"Our days are numbered," says Vince Campise, owner of Atlas Tickets, a ticket resale company of nine employees. "If it wasn't for the fact that we have a successful football team, we'd be out of business."

According to Campise, reselling concert tickets is not as viable a business as it was five years ago, and tickets to sports events have become more profitable. With concerts, the business strategy is to invest in tickets that will increase in value.

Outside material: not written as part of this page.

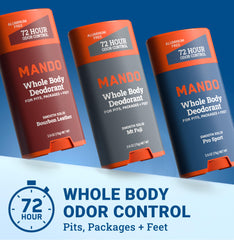 Mando deodorant stick close-up texture shows a skin-safe formula.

Campise admits he got burned on the July 1 Fall Out Boy show at Coors Amphitheatre.

"It was a complete embarrassment to have that band play at that large of a venue." He says Atlas forked out cash to buy tickets for a show that bombed. "I heard they eventually sold tickets for six dollars apiece."

Campise says Atlas lost money on Police tickets, even though that tour sold out all of its Southern California shows.

"They used market manipulation." Because the Police's three Southern California shows were not announced all at once, the demand for concert tickets was held in check.

Campise points out that he is not a scalper, that Atlas is part of the "secondary" ticket industry, with Ticketmaster being a "primary" ticket company.

"The bottom line is my customers are affluent individuals who can afford to sit in the first 20 rows."

One local promoter says, "On shows we know will sell out, we deliberately hold back tickets until the day of the show just to fuck with the ticket scalpers." Releasing last-minute tickets to a sold-out show cuts into the ticket reseller's profit.

Stub Hub -- which Campise characterizes as "a clearinghouse who put together the seller with the buyer" -- has hurt the ticket-resale business, but Campise's biggest threat is Ticketmaster.

"Ticketmaster now has an auction. In my opinion, this is a creative way to avoid the negative light that is placed on secondary ticket sellers. If they put tickets on auction [for a higher price] and they don't sell, all they do is sell them for the face value."

Another trend that hasn't helped Campise is that artists and promoters now seek premium prices for the best seats, thereby cutting into the profit that used to be reaped by resellers.